- **Records for the task**
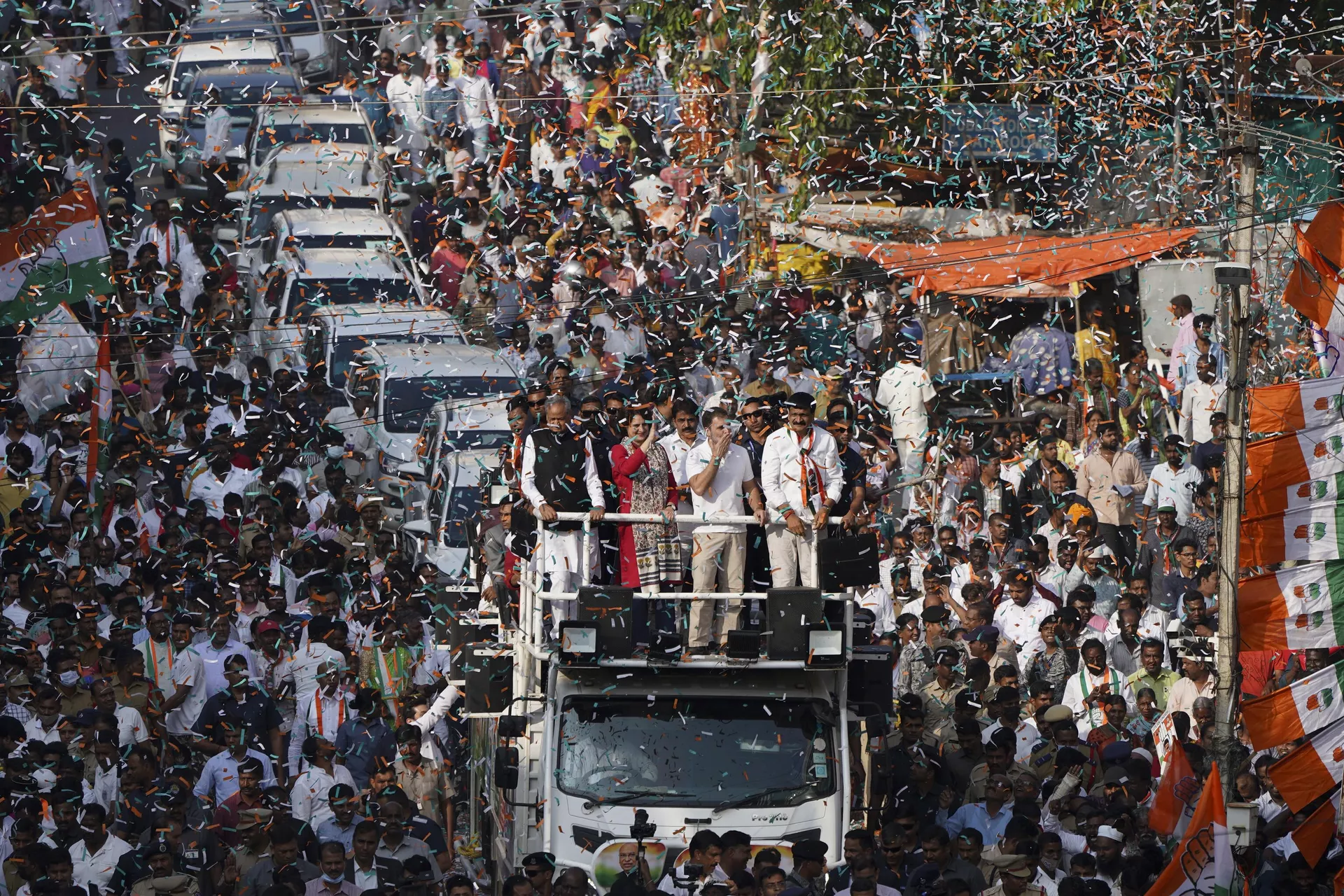 Comício eleitoral do líder da oposição na Índia Rahul Gandhi toma às ruas. Telangana, 30 de novembro de 2023 - Sputnik Brasil, 1920, 26.01.2024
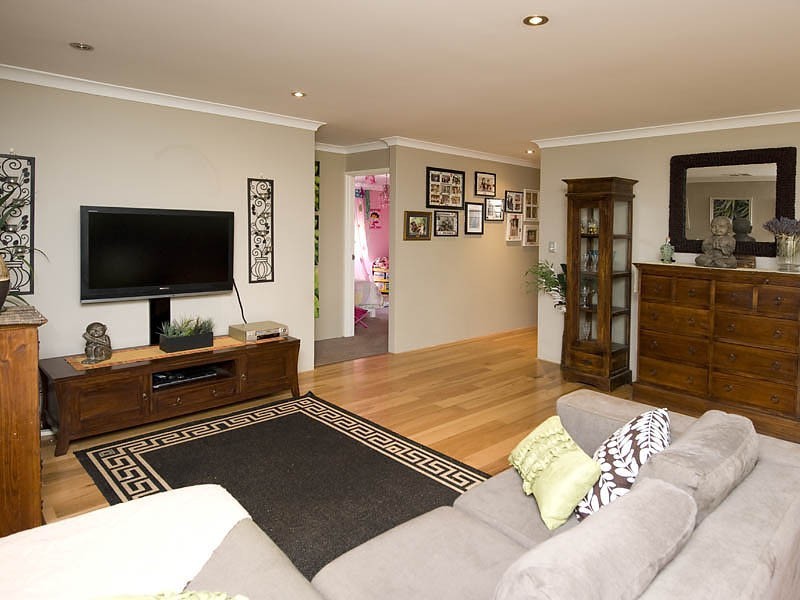 27 Wimbridge Road, Wattle Grove WA 6107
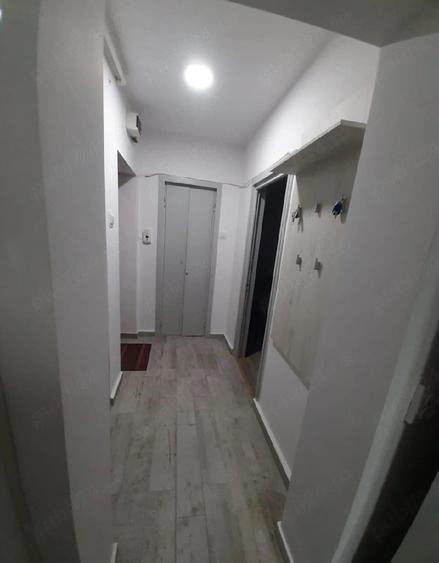 Apartament cu 3 camere decomandat în Cornișa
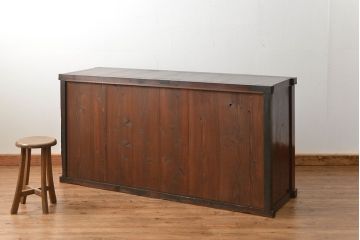 アンティーク家具　六尺　古民具・骨董 漆のキレイな前面欅材 重厚な水屋箪笥(収納棚、サイドボード)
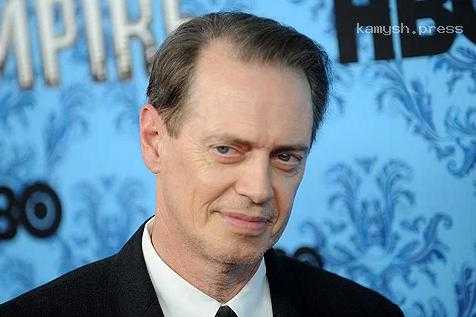 На актера Стива Бушеми напали в Нью-Йорке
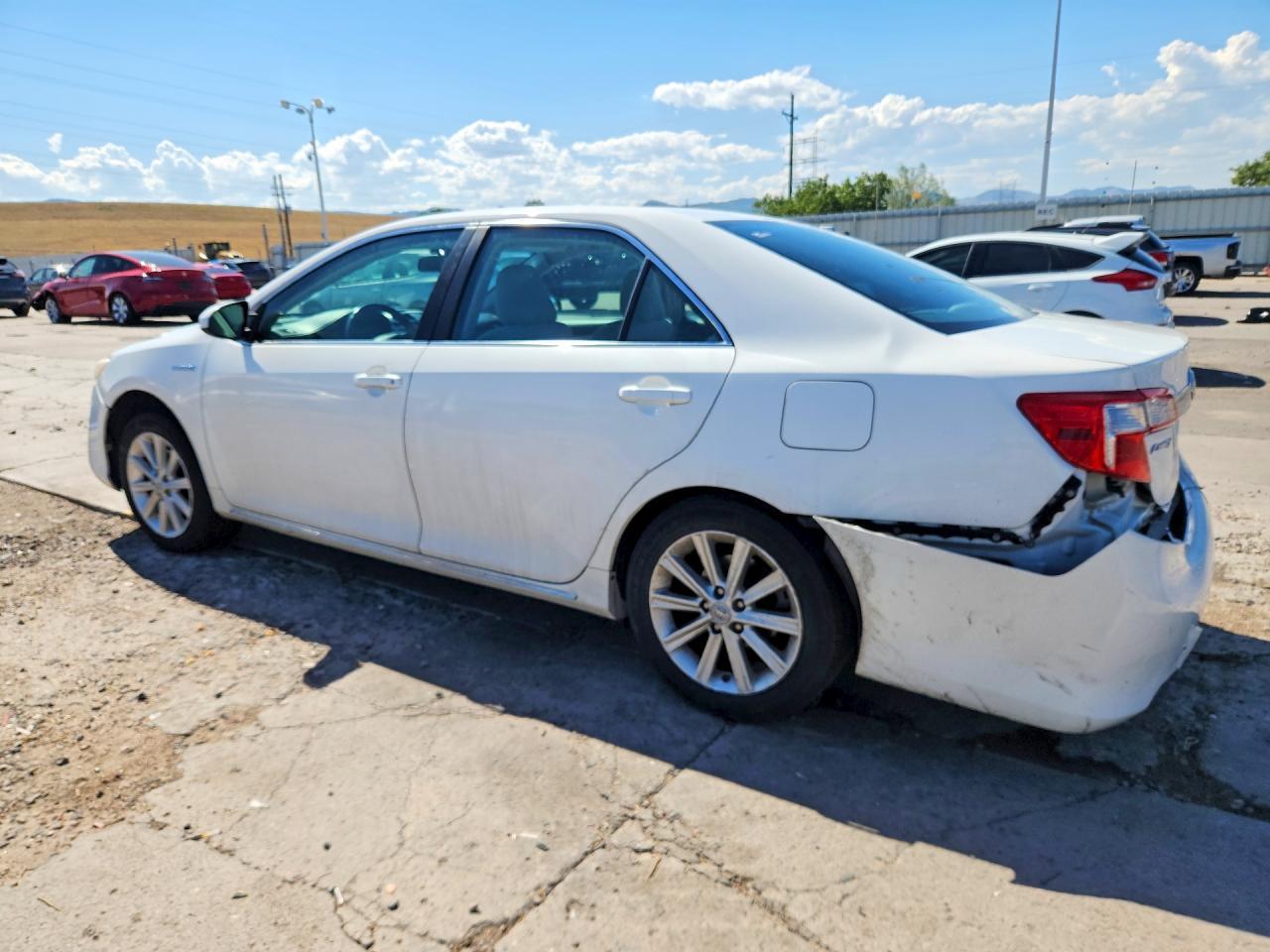 2012 Toyota Camry Hybrid Xle - Фото 2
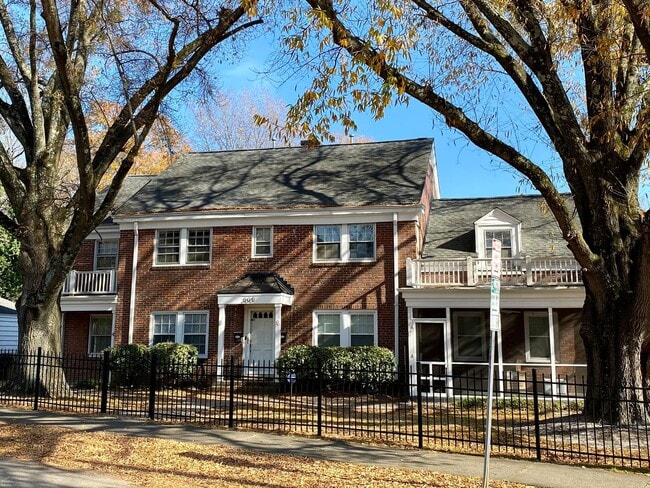 Primary Photo - 300 Horne St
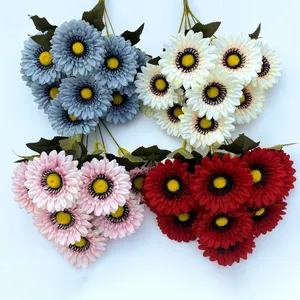 Hersteller Großhandel künstliche 9-Kopf-Daisy Seidenblumen Chrysanthemum kleiner Weihnachts- und Halloween-Haushaltsdekorstrauß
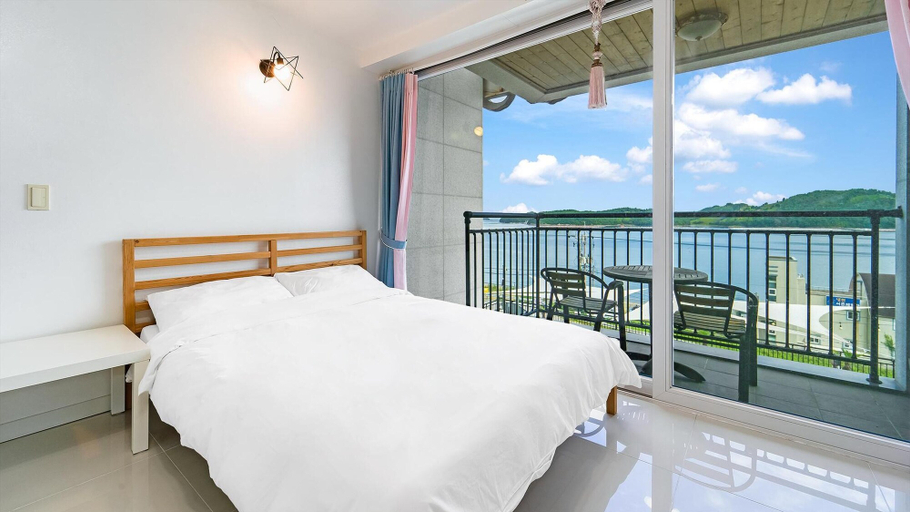 Bedroom 1, Namhae Spring, Summer, Fall, Winter Pet-, Namhae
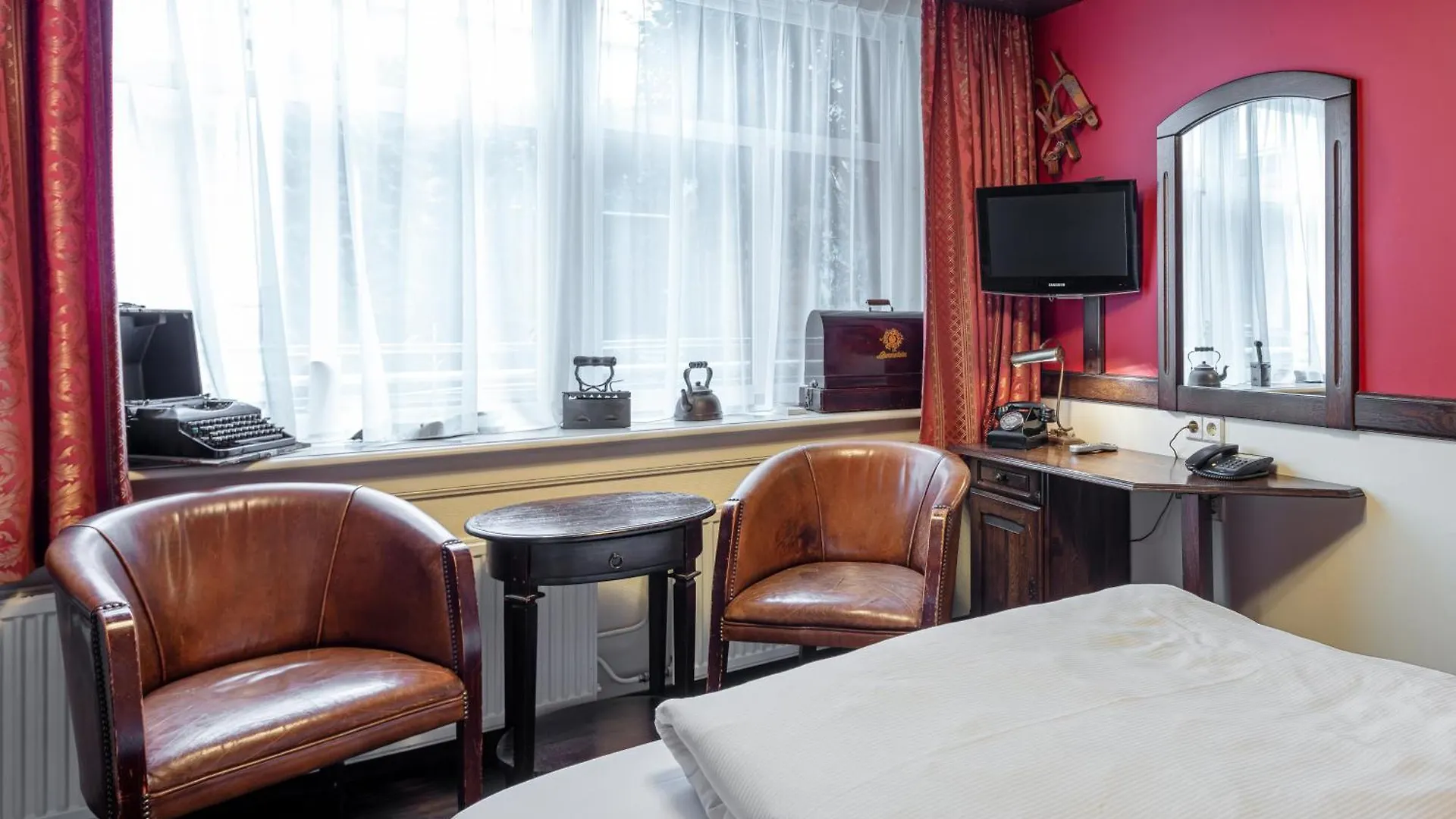A-Train Hotel Амстердам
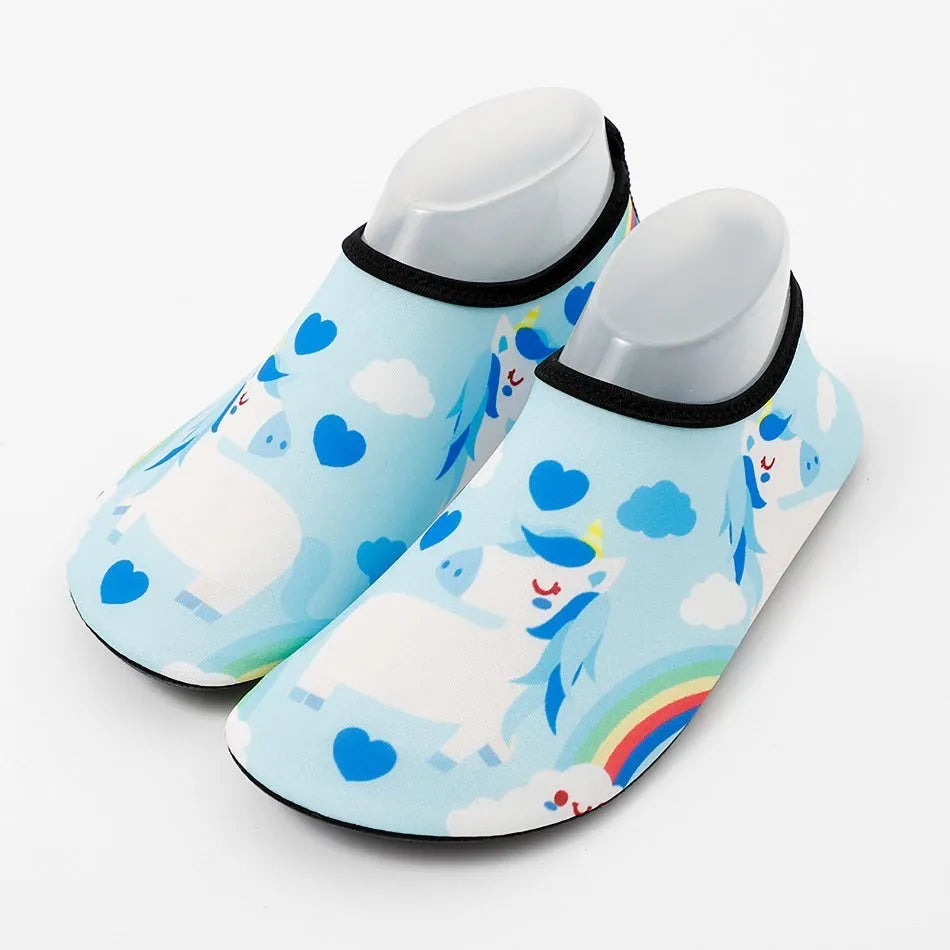 Vibrant Kids Beach Shoes – Lightweight Fun for Water Adventures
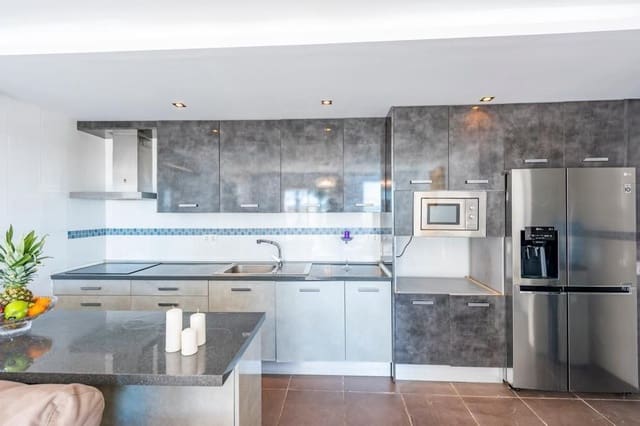 7 sovrum Villa till salu i Mijas med pool garage - 1 349 000 € (Ref: 9449422)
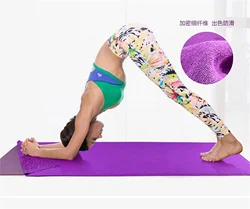 9083 Yoga towel blanket is machine washable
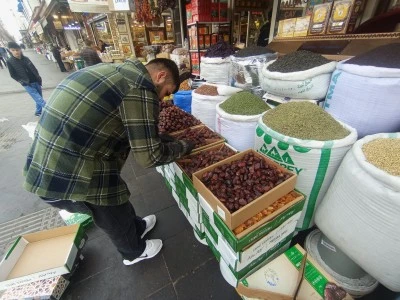 Diyarbakır&rsquo;da hurma tezg&acirc;hlarda yerini aldı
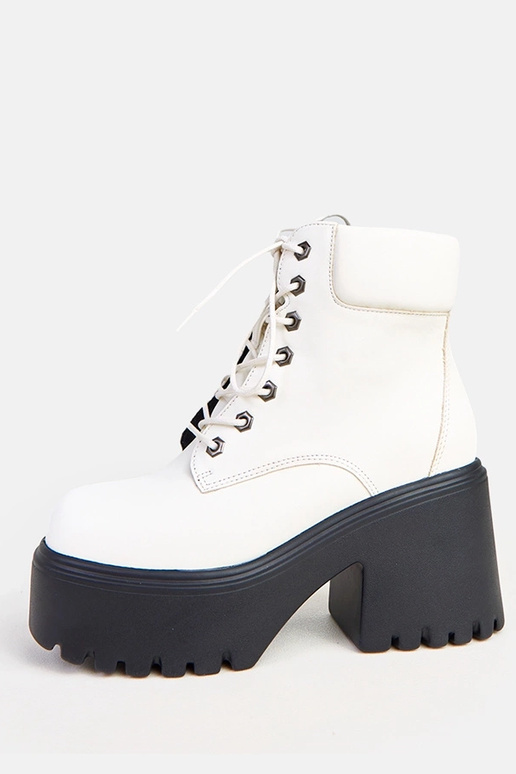 Balti zābaki uz masīva papēža un...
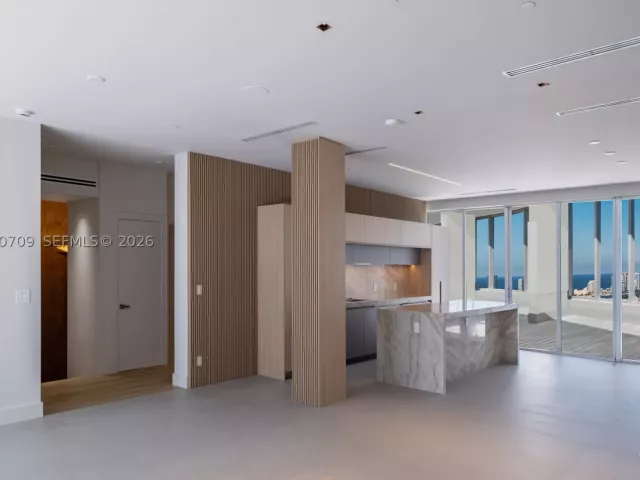 5-bedroom condo for rent in Miami - 465 Brickell Ave PH5701 - MondialRealty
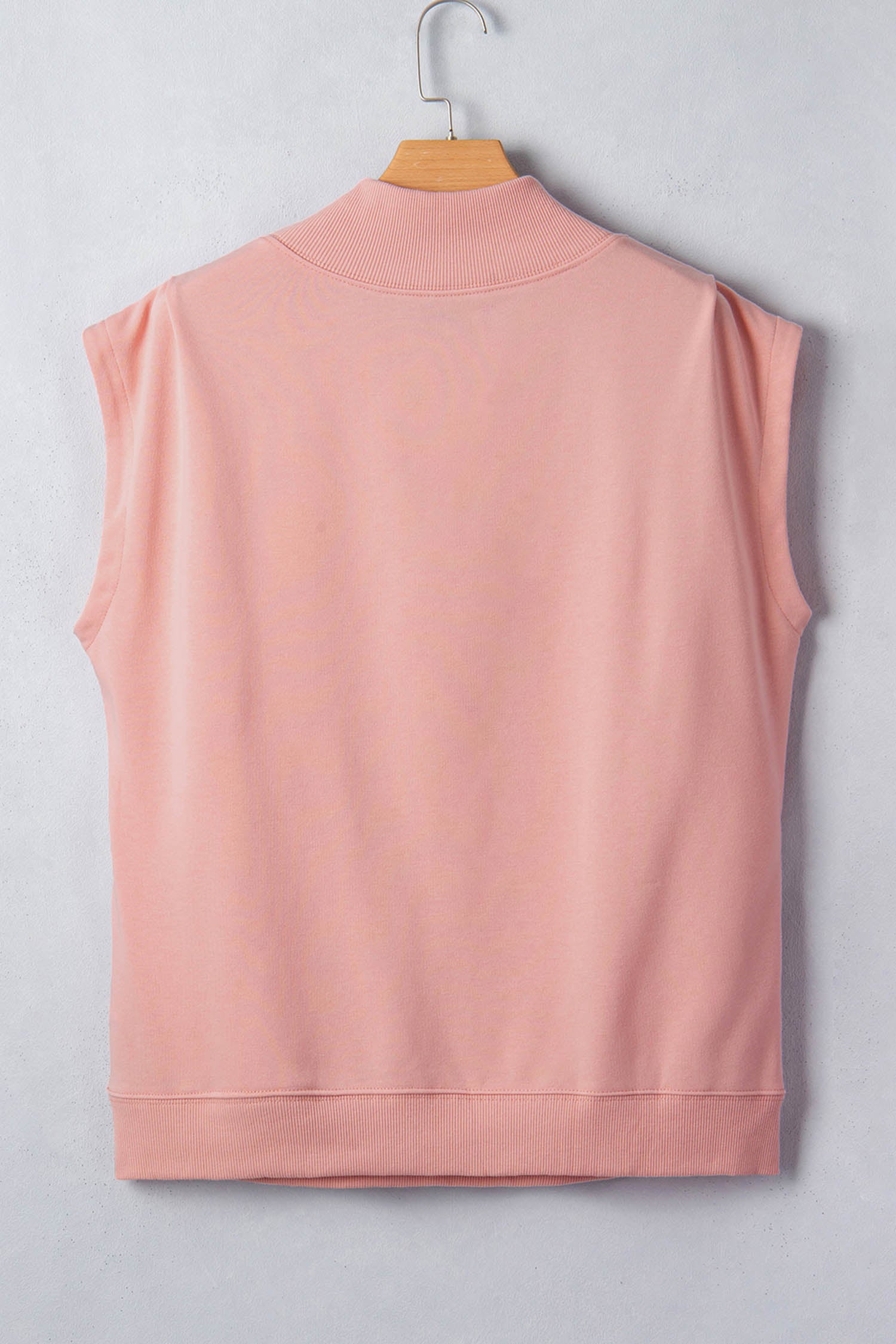  Aaria Tees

- **Instructions to follow**
Nothing but the lines from the one with "Diyarbakır&rsquo;da hurma tezg&acirc;hlarda" through the last line of the records should appear in your answer, each exactly as written and without pictures.

- **Your response**
 Diyarbakır&rsquo;da hurma tezg&acirc;hlarda yerini aldı
 Balti zābaki uz masīva papēža un...
 5-bedroom condo for rent in Miami - 465 Brickell Ave PH5701 - MondialRealty
  Aaria Tees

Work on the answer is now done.